[Stored records]
=== Begin Enclosure ===
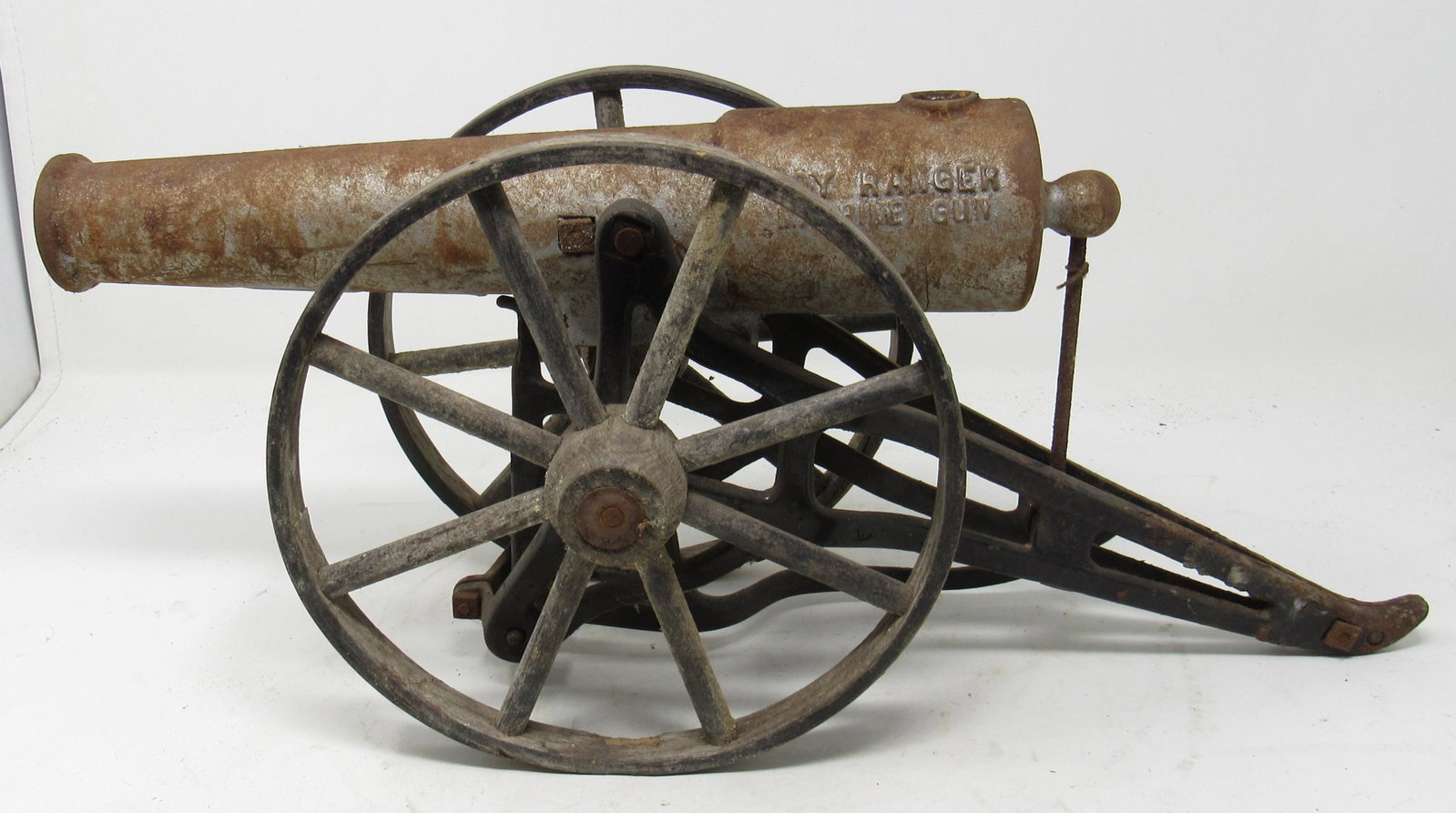Antique Boy Ranger Machine Gun Cannon: Approx 18" in total length , 5 1/2" wide, and 8" wooden wheels.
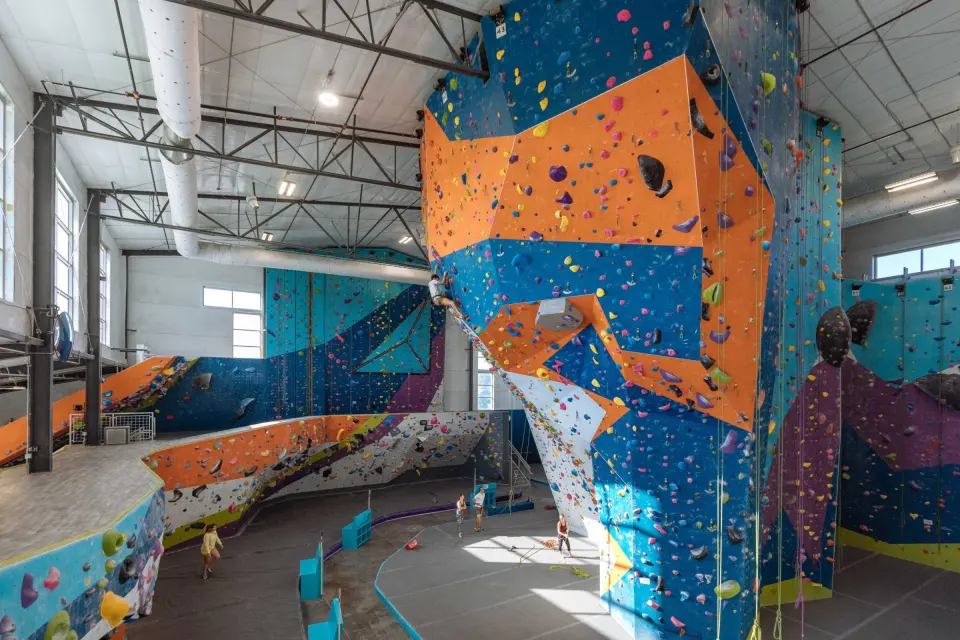 Orange and blue rope tower beside the long bouldering wall and ramp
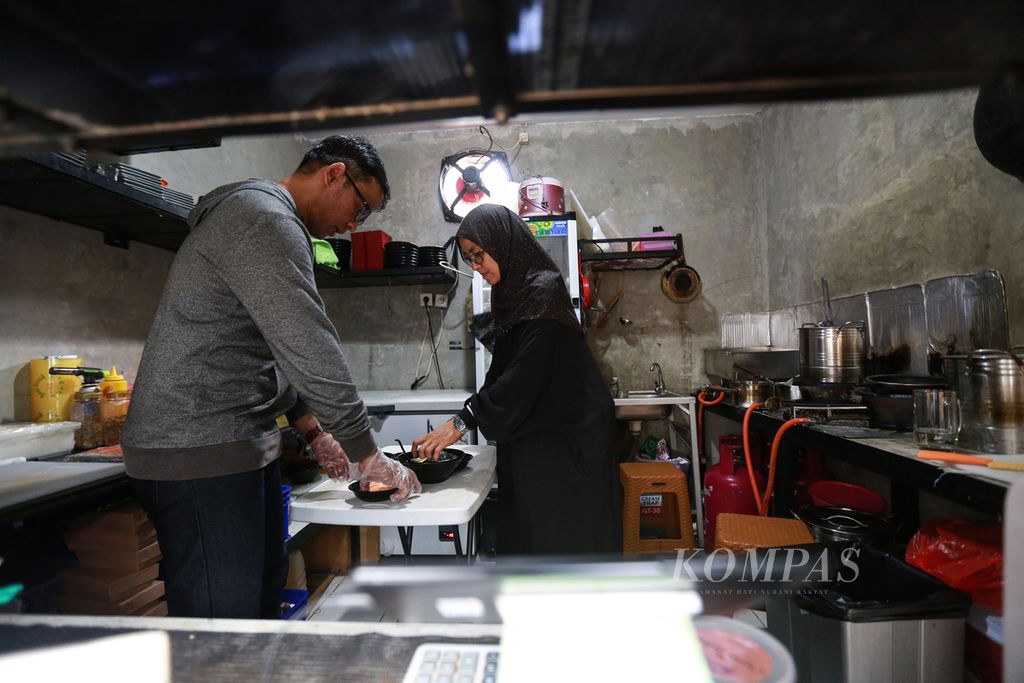 Pasangan suami istri Twino Widya Iskandar dan Gemy Swari Armyn bersama-sama mempersiapkan bahan untuk kedai ramen yang mereka kelola di kawasan Limo, Depok, Jawa Barat, Sabtu (17/9/2022). 
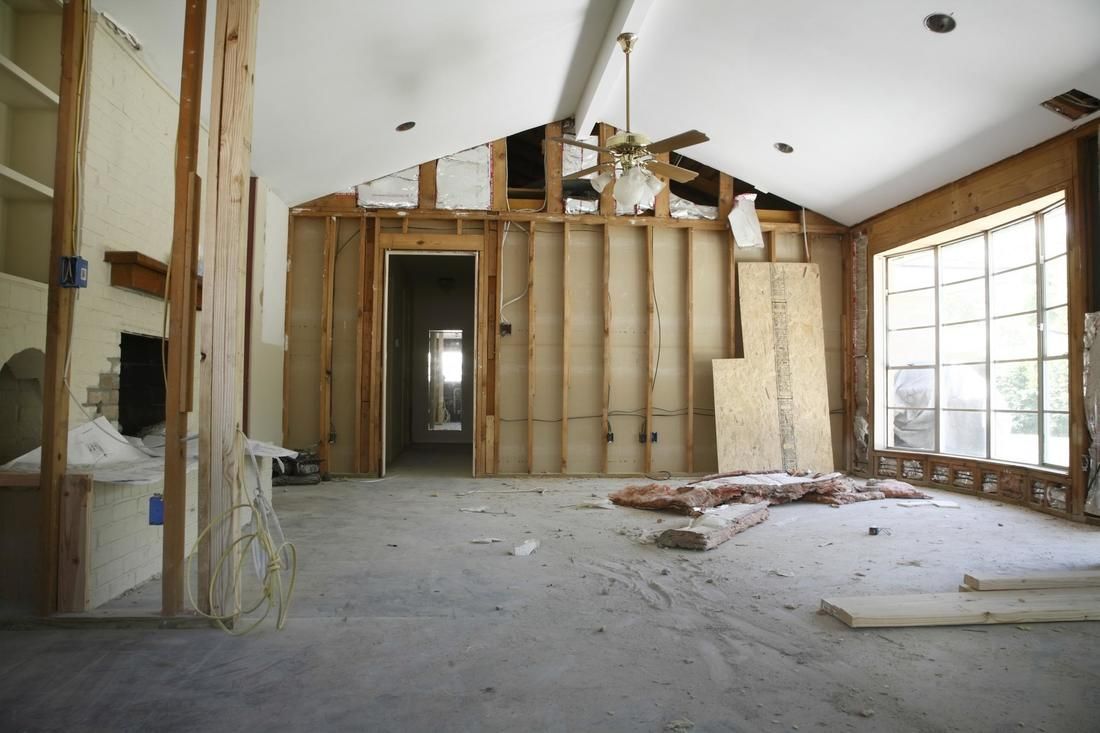 An empty room with a ceiling fan and a lot of windows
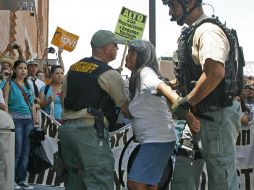 Policías detienen a una activista durante la manifestación. AP  /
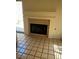Living room featuring tile floors, brick fireplace, and natural light at 3394 Brookfield Dr, Las Vegas, NV 89120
=== End Enclosure ===
EXERCISE DESCRIPTION: Each entry above is to be written out exactly. The pictures stay out.

ANSWER TO THIS TASK:
Antique Boy Ranger Machine Gun Cannon: Approx 18" in total length , 5 1/2" wide, and 8" wooden wheels.
 Orange and blue rope tower beside the long bouldering wall and ramp
 Pasangan suami istri Twino Widya Iskandar dan Gemy Swari Armyn bersama-sama mempersiapkan bahan untuk kedai ramen yang mereka kelola di kawasan Limo, Depok, Jawa Barat, Sabtu (17/9/2022). 
 An empty room with a ceiling fan and a lot of windows
 Policías detienen a una activista durante la manifestación. AP  /
Living room featuring tile floors, brick fireplace, and natural light at 3394 Brookfield Dr, Las Vegas, NV 89120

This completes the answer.